Assume that $S_1$ and $S_2$ are both sets for which (1) and (2) are true. I want to show that the rules (1) and (2) are also true for the intersection $S_1 \cap S_2 = S$.
I am not even sure where to start. What does it even mean that $S_1$ and $S_2$ are sets for which both (1) and (2) are true? Do I know that $A_1 \subseteq S_1$ and $A_2 \subseteq S_2$ or do I know that $A \subseteq S_1$ and $A \subseteq S_2$ or is it irrelevant in this situation?
Let's assume that $A \subseteq S_1$ and $A \subseteq S_2$. Therefore we also know that $A \subseteq S$ by definition of the intersection. So (1) is true for $S$.
Is this even correct until now? I think if I wanted to show that (2) is true for $S$, I would take an arbitrary function $f$ with arity $k \geq 1$ and $s_1,...,s_k$ elements and show that $f(s_1,...,s_k) \in S$.
Intuitively, you can view $A$ as the set of "building blocks" that you begin with, and $F$ the operations that let you construct new blocks from these.

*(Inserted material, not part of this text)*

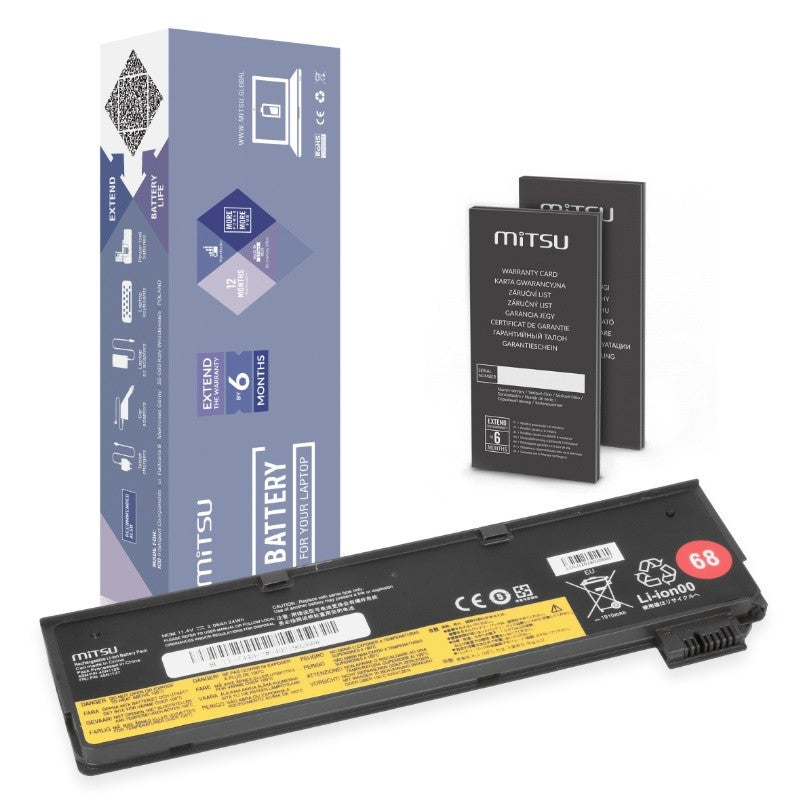 Baterie 45N1126 45N1127 pentru Lenovo ThinkPad T440 T450s X240 X260 L450 L460 2060 mAh (24 Wh) 11.4V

Example: let $A=\{a,b\}$ — the elements we start with — and $f: x,y \mapsto xy$, e.g. $f(a,b) = ab$, $f(aba,bb)= ababb$ and so forth. Then the set $S$ inductively generated from $A$ and $f$ in this case is the set of all strings that you can form starting from $a$ and $b$ by applying $f$ zero or more times, e.g. $ab;bbbb;abab;babaa$ are all in $S$.
I took it that you needed an informal explanation, you can see how to proceed from here? — it should be easy I guess. BTW, no requirement of unique readability, right?